EU & UK
- UK ICO fined Energy company GBP 250,000 and Marketing agency GBP 300,000 for making unsolicited direct marketing calls.
- NOYB: Austrian authority DSB prohibited a credit information agency and an energy provider from conducting unlawful credit scoring.
- European Commission issued draft guidance and a reporting template on serious AI incidents under the AI Act and invited stakeholder feedback.
- Dutch data watchdog raised concerns over LinkedIn’s AI training practices and urged users to adjust their privacy settings.
- French authority CNIL fined a department store EUR 100,000 for using hidden cameras.
- EU Data Protection Authorities are working with social media platforms to combat false advertising and the misuse of deepfakes.
- Romanian data protection authority fined S.C. PRIMONET RON 101,544 for a data breach
USA
- California approved new regulations on cybersecurity audits, risk assessments, automated decision-making, and insurance companies, along with updates to existing CCPA rules.

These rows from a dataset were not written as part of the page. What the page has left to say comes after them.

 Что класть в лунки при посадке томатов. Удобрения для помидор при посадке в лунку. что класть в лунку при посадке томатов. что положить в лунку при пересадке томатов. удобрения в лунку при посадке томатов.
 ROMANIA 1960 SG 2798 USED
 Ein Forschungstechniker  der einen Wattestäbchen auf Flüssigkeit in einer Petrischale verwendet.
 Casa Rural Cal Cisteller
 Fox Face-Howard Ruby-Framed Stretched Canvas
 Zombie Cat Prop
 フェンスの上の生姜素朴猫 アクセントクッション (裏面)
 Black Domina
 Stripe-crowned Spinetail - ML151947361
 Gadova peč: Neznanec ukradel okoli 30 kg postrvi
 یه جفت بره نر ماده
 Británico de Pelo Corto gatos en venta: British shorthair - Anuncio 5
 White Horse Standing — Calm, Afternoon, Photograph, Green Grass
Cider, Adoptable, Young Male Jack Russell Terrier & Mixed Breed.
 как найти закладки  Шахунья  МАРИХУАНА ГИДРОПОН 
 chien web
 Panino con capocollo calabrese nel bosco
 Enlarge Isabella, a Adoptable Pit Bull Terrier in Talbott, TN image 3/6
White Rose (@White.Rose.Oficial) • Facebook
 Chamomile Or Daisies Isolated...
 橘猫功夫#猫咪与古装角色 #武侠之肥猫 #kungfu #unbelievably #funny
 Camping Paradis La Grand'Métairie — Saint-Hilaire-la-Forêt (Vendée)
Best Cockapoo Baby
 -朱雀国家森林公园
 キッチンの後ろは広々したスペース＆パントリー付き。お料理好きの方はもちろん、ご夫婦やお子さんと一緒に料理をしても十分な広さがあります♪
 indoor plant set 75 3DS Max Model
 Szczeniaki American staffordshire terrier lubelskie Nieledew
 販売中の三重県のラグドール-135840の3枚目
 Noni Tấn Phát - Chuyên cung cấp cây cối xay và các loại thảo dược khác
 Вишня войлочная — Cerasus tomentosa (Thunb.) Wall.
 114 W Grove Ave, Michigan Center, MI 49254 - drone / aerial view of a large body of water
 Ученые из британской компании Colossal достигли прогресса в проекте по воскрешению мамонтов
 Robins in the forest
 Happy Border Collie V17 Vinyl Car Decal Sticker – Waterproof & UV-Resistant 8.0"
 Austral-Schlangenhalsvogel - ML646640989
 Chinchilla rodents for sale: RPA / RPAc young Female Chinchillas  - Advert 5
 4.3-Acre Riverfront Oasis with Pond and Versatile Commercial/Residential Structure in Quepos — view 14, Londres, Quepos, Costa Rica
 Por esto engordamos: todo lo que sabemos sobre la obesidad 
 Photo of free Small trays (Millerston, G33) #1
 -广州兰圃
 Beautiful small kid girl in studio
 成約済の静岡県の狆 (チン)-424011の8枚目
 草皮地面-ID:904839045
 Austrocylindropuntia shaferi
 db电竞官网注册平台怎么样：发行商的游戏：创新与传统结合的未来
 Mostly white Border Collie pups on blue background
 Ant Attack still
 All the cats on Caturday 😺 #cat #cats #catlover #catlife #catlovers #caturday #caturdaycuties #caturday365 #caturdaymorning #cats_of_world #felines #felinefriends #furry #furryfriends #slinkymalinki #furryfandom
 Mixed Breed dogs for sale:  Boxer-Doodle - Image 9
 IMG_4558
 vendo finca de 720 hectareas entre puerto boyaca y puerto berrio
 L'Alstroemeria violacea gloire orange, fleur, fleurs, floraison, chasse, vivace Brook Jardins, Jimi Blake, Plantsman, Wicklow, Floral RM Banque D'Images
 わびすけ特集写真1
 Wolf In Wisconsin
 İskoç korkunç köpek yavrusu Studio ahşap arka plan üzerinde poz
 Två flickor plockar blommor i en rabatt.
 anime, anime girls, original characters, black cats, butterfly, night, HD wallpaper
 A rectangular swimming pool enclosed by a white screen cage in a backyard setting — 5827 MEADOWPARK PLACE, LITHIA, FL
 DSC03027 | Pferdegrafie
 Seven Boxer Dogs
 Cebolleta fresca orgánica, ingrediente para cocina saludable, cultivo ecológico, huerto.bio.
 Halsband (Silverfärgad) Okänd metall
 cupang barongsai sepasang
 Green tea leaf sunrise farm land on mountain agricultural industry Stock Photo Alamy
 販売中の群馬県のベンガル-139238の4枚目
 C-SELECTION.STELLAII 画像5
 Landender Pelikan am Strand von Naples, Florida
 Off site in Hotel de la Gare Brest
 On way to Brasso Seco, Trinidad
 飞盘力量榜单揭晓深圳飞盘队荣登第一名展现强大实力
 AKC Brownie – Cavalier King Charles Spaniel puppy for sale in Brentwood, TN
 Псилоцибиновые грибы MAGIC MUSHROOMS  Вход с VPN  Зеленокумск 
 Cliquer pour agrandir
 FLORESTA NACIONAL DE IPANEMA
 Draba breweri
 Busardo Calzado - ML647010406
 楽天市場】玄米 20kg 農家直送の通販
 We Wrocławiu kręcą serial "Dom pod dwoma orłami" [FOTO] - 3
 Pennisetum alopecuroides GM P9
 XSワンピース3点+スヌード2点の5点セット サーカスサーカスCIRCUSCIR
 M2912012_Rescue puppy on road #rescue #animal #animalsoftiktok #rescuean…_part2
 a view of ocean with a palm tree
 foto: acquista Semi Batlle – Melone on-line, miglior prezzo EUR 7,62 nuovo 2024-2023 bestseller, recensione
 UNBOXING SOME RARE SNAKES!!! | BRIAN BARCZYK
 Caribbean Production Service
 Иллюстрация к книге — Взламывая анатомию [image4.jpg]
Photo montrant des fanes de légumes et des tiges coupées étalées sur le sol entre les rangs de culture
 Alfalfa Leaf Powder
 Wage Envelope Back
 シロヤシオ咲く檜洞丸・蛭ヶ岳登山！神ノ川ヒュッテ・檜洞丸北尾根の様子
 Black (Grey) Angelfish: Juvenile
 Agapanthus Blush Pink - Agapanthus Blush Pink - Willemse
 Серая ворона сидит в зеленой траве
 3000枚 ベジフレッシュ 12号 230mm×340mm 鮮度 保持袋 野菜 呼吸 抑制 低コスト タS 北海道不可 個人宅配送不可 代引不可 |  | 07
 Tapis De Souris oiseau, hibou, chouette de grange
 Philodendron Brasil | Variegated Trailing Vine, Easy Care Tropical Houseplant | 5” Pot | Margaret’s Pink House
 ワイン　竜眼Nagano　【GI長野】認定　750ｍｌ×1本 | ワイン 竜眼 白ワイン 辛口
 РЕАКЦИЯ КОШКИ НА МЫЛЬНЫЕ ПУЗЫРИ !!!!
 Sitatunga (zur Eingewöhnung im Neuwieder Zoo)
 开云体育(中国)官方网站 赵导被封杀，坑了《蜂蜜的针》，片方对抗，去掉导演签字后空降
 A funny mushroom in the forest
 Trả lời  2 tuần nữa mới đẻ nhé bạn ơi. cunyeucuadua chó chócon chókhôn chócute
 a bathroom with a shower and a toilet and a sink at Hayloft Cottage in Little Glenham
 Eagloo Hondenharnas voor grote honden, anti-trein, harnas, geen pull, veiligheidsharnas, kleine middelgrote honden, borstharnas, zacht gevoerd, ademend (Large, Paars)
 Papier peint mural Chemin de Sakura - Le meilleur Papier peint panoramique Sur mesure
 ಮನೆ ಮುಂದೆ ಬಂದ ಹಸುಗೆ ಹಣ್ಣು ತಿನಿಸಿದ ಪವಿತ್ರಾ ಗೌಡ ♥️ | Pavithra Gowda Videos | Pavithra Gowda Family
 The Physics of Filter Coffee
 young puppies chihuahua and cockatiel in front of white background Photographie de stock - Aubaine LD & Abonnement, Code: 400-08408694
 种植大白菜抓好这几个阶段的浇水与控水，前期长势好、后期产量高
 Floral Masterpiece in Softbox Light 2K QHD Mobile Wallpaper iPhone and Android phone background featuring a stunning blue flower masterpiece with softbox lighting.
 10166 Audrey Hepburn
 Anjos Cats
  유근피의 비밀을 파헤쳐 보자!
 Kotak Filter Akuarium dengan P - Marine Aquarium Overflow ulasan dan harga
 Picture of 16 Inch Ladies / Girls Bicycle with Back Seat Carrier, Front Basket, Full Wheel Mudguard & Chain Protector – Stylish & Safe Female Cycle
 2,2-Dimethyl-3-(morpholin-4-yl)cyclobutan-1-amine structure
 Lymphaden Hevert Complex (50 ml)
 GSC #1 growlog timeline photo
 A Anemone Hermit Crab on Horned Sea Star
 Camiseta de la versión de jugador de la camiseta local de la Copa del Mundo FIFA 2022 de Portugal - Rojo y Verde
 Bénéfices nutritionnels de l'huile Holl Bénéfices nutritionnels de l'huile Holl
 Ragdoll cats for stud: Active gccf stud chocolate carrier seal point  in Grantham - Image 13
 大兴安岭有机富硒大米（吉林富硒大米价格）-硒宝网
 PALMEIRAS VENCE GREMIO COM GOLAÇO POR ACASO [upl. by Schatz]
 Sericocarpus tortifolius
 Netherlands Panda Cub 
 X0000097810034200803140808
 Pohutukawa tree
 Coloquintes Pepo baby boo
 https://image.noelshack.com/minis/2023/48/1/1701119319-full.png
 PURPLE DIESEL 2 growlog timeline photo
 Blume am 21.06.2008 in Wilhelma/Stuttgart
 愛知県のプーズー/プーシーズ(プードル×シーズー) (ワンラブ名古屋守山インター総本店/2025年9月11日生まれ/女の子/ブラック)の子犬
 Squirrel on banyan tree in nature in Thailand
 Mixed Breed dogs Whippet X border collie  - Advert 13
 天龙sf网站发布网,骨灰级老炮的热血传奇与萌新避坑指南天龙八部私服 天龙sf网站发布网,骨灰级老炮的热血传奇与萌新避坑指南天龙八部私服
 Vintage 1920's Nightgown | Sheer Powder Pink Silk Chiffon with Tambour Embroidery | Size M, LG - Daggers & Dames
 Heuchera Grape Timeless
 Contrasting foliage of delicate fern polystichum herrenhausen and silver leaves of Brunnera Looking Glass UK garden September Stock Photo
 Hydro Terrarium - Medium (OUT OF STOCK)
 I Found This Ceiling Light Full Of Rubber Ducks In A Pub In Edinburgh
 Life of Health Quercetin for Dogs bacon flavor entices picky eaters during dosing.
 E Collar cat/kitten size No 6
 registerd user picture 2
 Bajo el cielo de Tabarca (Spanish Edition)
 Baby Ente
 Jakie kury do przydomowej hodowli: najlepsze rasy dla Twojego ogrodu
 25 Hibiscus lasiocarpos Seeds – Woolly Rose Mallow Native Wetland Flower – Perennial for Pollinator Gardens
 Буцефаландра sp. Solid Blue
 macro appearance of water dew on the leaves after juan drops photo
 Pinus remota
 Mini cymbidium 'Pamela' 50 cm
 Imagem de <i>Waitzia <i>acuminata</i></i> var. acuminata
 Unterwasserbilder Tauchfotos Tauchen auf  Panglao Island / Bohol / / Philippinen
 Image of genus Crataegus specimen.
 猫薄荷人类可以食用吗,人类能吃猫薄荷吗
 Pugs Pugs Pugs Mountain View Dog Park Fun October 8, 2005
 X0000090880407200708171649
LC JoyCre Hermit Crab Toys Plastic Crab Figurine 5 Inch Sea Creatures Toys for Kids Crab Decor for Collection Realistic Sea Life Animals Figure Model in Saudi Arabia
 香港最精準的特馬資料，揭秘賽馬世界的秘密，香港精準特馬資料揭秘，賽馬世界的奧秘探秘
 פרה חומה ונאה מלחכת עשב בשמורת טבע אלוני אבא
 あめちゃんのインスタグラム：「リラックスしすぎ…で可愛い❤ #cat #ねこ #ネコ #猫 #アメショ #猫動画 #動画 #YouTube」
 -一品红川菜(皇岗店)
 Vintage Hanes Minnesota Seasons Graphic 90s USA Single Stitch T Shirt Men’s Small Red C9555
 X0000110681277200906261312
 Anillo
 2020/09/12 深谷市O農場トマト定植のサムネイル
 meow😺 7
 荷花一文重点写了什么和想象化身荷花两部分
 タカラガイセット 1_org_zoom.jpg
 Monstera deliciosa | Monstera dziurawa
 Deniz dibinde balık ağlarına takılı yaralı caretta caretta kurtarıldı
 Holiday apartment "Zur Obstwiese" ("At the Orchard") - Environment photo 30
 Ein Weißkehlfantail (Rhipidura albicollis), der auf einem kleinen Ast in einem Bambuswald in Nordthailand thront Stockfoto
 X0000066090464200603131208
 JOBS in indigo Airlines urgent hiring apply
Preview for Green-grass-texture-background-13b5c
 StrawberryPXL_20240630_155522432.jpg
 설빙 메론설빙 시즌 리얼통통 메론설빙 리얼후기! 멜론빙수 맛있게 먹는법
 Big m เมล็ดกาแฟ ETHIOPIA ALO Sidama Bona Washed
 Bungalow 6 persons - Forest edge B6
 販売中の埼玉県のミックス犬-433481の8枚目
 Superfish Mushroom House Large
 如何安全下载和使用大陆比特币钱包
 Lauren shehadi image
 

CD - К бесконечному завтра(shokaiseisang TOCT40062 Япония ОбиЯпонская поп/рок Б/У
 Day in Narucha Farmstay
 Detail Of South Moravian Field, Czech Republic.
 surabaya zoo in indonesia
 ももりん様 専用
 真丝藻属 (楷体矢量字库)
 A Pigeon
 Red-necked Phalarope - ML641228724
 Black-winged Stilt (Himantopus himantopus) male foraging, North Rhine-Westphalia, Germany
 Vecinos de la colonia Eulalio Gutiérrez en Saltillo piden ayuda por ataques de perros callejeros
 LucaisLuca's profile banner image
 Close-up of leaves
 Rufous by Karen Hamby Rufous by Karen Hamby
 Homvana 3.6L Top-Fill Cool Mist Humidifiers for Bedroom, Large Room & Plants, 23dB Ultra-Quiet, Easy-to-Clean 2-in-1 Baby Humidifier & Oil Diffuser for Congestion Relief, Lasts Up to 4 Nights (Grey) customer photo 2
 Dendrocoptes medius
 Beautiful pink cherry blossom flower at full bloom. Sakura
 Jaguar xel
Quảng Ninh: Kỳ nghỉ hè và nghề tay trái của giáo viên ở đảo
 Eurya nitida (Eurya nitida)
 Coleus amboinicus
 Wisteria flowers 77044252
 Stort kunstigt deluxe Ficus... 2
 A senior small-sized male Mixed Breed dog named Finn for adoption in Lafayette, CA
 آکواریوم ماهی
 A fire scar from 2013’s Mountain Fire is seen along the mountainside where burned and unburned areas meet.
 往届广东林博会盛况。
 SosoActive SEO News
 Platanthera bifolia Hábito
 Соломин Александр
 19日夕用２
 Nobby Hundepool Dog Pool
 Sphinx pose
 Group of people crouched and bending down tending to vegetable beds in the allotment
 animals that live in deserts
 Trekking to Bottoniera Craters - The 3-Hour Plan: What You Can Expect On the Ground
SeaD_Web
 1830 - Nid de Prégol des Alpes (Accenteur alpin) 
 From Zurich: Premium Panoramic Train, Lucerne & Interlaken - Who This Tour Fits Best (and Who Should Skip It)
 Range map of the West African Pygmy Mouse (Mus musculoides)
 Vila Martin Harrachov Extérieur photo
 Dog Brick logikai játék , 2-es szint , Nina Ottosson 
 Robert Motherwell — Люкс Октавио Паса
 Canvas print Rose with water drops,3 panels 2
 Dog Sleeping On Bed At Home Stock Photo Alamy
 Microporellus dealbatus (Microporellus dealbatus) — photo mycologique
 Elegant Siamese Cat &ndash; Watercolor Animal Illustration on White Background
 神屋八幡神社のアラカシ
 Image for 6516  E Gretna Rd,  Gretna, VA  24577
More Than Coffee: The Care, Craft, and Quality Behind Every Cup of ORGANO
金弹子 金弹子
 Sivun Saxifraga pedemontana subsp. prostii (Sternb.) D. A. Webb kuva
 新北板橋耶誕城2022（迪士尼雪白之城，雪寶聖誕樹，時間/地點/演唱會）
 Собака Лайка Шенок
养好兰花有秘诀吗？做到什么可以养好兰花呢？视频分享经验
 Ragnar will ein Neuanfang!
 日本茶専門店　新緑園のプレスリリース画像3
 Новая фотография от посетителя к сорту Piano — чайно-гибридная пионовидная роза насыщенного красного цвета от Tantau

- Senators introduced the Management of Individuals’ Neural Data Act of 2025 to safeguard brain data from exploitation.
- Massachusetts Senate passed the Consumer Data Privacy Act.
- Joint investigation by Canadian data authorities found TikTok’s data processing practices in violation of PIPEDA and provincial privacy laws.
- California Governor signed a bill enhancing health and location data privacy protections.
- FTC alleged that the Sendit App unlawfully collected children’s personal data and misled users by sending messages from fake accounts.